OTON, ILOILO — On May 15, 2026, the ground floor of Vista Mall Iloilo transformed into something rarely seen in the province's commercial corridors: a bustling weekend market where tomatoes still carried the morning dew and the farmers who grew them stood behind the stalls. The Extended Weekend Farmers' Market, a partnership between Vista Mall Iloilo and the Iloilo Provincial Government, opened its doors for the first of five weekends, bringing together farmers, consolidators, and local producers in a climate‑controlled, accessible venue. By the time the first Saturday crowd dispersed, the market had already done what no government program could fully engineer on its own: it had connected the hands that harvest with the wallets that buy.
The market's format is simple but significant. Every weekend from Thursday to Saturday through June 14, 2026, vendors occupy dedicated spaces inside Vista Mall Iloilo, offering fresh farm products, local goods, and regional specialties directly to consumers. The Iloilo Provincial Government, which organized the initiative in partnership with Vista Mall Iloilo, Georgia Estate, and the Department of Agriculture, designed the market as a direct response to a persistent structural problem: farmers and bolanteros, the province's transient vendors, often lack stable, sanitary, and accessible trading spaces. By embedding the market inside a commercial mall, the partnership bypasses the logistical barriers that have historically made it difficult for rural producers to reach urban consumers.
A Governor's Vision Takes Commercial Form
The Extended Weekend Farmers' Market did not emerge from a vacuum. On April 15, 2026, Governor Arthur Defensor Jr. sat with representatives of Vista Land to discuss the possible establishment of a food terminal in Oton. The talks, while still exploratory, centered on creating a dedicated market hub where farmers could sell directly to the public without the intermediation of wholesalers who capture the largest share of the final price. "The governor also floated the idea of piloting a weekend flea market within the area, although he stressed that any future development should remain orderly, clean, and accessible to the public," provincial officials noted after the meeting.
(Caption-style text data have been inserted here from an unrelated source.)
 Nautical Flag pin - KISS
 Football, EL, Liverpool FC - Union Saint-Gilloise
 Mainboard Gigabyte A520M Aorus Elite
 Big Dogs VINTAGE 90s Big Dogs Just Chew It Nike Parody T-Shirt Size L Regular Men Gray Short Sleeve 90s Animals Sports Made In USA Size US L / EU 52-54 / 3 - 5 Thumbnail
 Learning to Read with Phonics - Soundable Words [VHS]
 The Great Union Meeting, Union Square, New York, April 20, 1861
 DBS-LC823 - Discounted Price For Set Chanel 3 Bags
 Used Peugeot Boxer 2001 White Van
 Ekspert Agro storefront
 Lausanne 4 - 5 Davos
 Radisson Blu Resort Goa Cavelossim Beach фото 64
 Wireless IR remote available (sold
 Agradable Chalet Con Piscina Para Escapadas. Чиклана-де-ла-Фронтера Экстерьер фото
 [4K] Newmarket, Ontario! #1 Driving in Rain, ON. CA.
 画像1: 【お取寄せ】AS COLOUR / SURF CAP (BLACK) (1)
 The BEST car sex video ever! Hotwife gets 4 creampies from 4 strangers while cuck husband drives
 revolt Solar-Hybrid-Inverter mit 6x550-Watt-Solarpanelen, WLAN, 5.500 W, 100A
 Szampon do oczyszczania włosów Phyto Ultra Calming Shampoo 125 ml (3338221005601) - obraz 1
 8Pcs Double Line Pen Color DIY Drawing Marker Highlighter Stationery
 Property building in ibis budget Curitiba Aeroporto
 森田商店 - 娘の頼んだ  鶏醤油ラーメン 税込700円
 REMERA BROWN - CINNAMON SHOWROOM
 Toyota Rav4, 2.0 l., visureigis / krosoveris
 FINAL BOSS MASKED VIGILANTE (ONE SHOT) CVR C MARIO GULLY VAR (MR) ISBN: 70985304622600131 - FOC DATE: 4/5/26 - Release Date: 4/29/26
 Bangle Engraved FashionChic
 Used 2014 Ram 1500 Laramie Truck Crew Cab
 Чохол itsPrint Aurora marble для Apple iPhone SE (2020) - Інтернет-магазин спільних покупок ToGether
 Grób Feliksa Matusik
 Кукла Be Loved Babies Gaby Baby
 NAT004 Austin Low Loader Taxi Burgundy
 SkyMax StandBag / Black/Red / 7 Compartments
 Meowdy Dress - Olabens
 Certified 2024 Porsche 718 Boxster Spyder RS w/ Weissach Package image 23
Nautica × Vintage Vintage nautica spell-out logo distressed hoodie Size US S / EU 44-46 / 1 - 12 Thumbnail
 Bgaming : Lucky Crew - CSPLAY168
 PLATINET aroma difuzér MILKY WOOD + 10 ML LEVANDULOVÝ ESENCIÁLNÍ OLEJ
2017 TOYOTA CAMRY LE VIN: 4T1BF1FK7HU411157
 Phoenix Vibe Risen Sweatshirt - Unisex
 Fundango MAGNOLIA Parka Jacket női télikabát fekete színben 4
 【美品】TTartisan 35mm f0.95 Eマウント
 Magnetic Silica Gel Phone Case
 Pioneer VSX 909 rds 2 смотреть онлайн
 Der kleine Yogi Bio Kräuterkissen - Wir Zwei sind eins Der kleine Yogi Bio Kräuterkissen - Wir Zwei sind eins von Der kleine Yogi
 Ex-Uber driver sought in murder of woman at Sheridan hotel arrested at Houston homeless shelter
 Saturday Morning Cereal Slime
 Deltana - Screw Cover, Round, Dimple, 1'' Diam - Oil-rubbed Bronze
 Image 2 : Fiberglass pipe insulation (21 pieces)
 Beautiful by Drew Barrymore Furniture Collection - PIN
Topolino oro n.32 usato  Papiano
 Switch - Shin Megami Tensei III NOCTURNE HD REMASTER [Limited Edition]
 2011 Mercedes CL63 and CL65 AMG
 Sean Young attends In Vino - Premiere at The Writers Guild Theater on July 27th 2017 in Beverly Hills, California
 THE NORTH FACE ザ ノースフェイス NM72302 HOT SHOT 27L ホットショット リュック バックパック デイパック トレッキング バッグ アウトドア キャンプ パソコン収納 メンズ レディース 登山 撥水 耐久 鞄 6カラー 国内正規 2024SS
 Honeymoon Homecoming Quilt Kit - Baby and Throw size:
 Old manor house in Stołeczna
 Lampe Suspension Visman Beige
The May 15 launch represents the pilot that the April discussions previewed. Defensor has been explicit about his administration's agricultural strategy: create market access, and the productivity gains will follow. The weekend market at Vista Mall Iloilo, by offering a clean, organized, and professionally managed venue, gives farmers a trading environment that commands consumer trust. For the bolanteros who have historically sold produce from pushcarts and roadside stalls, the transition to a mall‑based market represents a significant upgrade in visibility, foot traffic, and sales potential.
Beyond the Market: A Province‑Wide Push for Direct Trade
The Oton market aligns with a broader provincial strategy that has been gathering momentum across multiple fronts. The Regional Development Council recently approved Resolution No. 23, mandating the use of locally produced farm products in all government‑funded events across Western Visayas. The KADIWA program, which links producers directly to consumers, has received over ₱58 million in grants across the region for the establishment of stores, food processing centers, and storage facilities. The Department of Agriculture has released ₱37.9 million worth of farm equipment to farmer and fisherfolk associations in the province.
Each of these initiatives, while distinct, shares a common architecture: they bypass the layers of intermediation that inflate retail prices and compress farmgate earnings. The weekend market at Vista Mall Iloilo is the most visible consumer‑facing expression of this strategy—a place where the province's agricultural policy becomes tangible, browseable, and purchasable.
For the families who shop at Vista Mall Iloilo, the market adds a dimension that the mall's standard retail mix cannot replicate. The produce on display carries a provenance: the onions from Miagao, the vegetables from Oton's own farms, the fruits from the province's interior barangays. For the farmers who staff the stalls, the market provides something equally rare: a direct line to consumers who are increasingly willing to pay for freshness, quality, and the knowledge that their pesos are reaching the people who earned them. As the market continues through mid‑June, the province will be watching closely—not only to count the sales, but to measure the strength of the connection between the farm and the fork.